Euro-Kurs steigt bis auf 1,3074 Dollar – den höchsten Stand seit der Einführung/Finanzminister Eichel: „Eine brutale Entwicklung“

Berlin /Frankfurt am Main - Der Kursverfall des Dollar gegenüber dem Euro hat sich am Donnerstag fortgesetzt. Die europäische Gemeinschaftswährung kletterte am Vormittag auf 1,3074 Dollar und damit auf den höchsten Stand in ihrer Geschichte. Die Europäische Zentralbank (EZB) setzte den Referenzkurs auf 1,3024 (Mittwoch: 1,3026) Dollar fest. Am Abend sackte der Euro wieder knapp unter die Marke von 1,30 Dollar.

Der 1999 eingeführte Euro hat damit seit seinem Tiefstand im Oktober 2000, als er bei 82 US-Cents lag, rund 58 Prozent zugelegt. Bundesfinanzminister Hans Eichel (SPD) nannte die Wechselkursentwicklung „brutal“. Bundesbank- Präsident Axel Weber bezeichnete die jüngste Aufwertung des Euro gegenüber dem US-Dollar als von den Notenbanken „unerwünscht“. Gleichzeitig zeigte sich Weber im Gespräch mit der „Börsenzeitung“ gelassen wegen möglicher Folgen für die deutsche Wirtschaft. Der bisherige Rückgang der preislichen Wettbewerbsfähigkeit gefährde den exportgetriebenen Aufschwung „nicht ernsthaft“.

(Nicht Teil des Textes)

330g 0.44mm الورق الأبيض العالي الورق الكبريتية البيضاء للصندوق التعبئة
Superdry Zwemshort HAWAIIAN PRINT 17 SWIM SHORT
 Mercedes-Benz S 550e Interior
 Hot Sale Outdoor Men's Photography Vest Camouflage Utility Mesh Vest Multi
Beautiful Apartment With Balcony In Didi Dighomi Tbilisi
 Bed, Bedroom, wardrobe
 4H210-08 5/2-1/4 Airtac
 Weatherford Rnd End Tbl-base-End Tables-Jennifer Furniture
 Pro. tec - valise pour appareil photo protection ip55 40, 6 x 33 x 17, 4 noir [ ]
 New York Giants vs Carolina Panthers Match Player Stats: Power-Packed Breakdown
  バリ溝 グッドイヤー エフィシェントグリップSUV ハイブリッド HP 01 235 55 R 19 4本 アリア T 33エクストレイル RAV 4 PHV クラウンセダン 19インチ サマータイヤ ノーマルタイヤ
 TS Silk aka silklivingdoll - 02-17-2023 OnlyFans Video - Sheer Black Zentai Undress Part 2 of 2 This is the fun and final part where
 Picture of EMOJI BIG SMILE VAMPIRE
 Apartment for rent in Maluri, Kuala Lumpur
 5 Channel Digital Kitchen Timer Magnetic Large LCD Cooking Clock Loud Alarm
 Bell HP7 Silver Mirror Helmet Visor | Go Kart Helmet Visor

Der Deutsche Aktienindex (Dax) zeigte sich vom starken Euro zunächst unbeeindruckt. Am Vormittag stieg der Dax auf den neuen Jahreshöchststand von 4191 Punkten. Dann setzten Verkäufe ein, weil Anleger ihre Kursgewinne sichern wollten. Zum Handelsschluss lag der Dax bei 4178,68 Punkten mit 0,11 Prozent im Minus. Marktbeobachter erklärten den Kursanstieg zuvor mit Umschichtungen aus dem Dollarraum. Für Amerikaner sind europäische Aktien attraktiv, weil Währungsgewinne Kursgewinne bedeuten.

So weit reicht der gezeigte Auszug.